**GIVEN INFORMATION:**
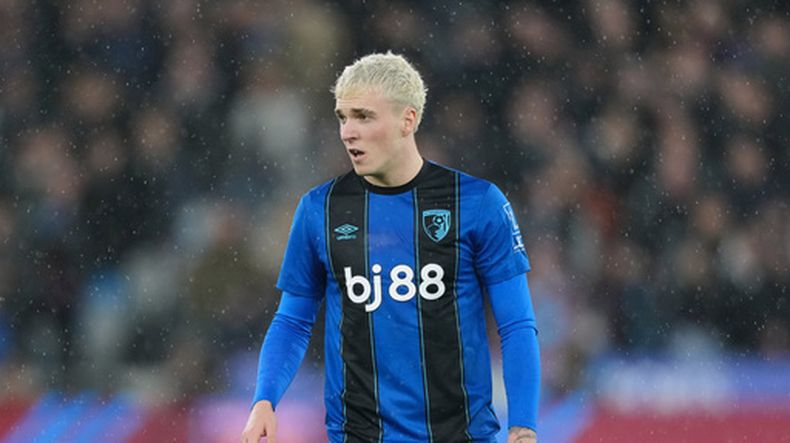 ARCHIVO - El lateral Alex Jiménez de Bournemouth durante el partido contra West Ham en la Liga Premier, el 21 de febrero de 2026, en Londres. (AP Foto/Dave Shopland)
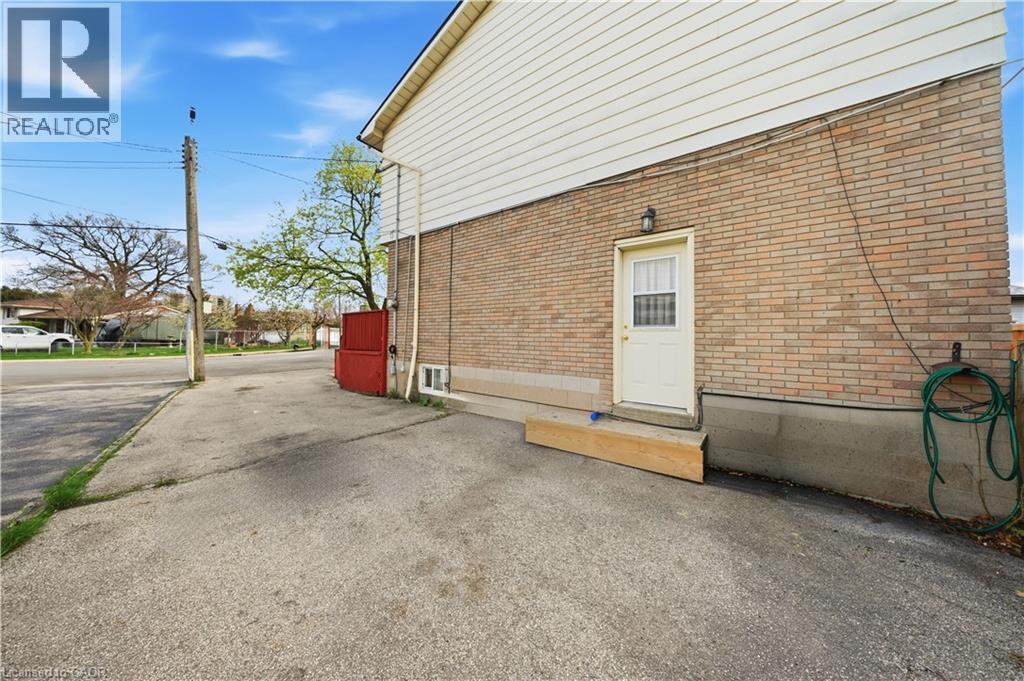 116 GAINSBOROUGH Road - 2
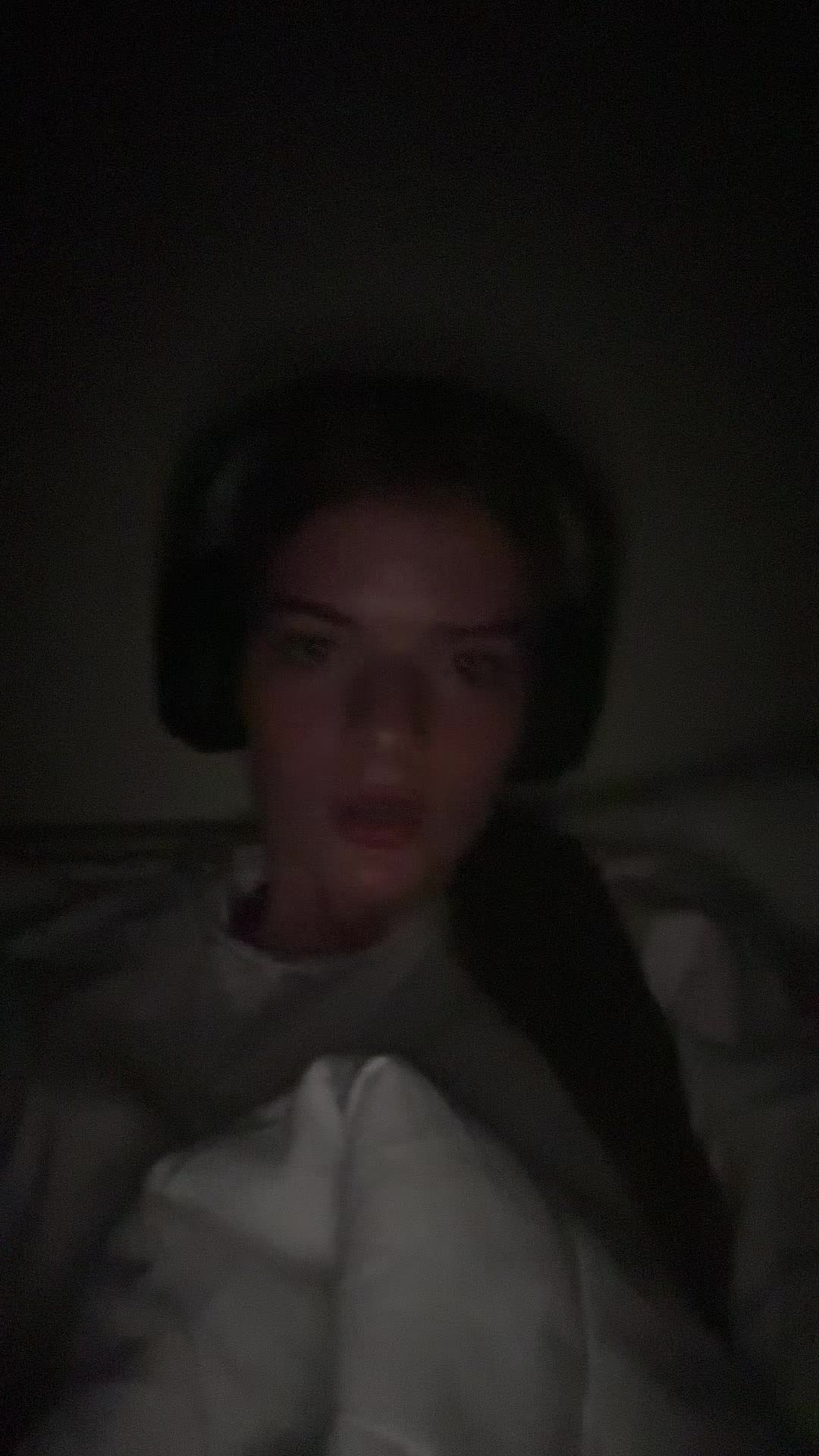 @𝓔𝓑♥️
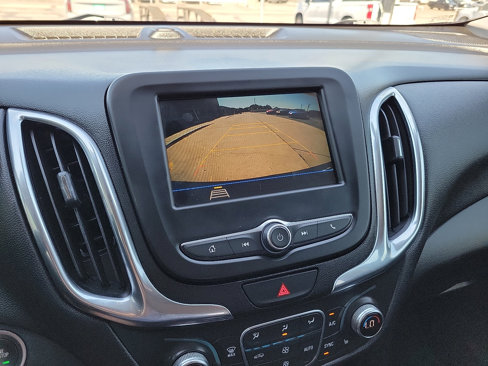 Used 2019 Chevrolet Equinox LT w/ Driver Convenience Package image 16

**EXERCISE AIM:**
The data must be reproduced exactly, and no picture may appear in the copy.

**SOLVED EXERCISE:**
 ARCHIVO - El lateral Alex Jiménez de Bournemouth durante el partido contra West Ham en la Liga Premier, el 21 de febrero de 2026, en Londres. (AP Foto/Dave Shopland)
 116 GAINSBOROUGH Road - 2
 @𝓔𝓑♥️
 Used 2019 Chevrolet Equinox LT w/ Driver Convenience Package image 16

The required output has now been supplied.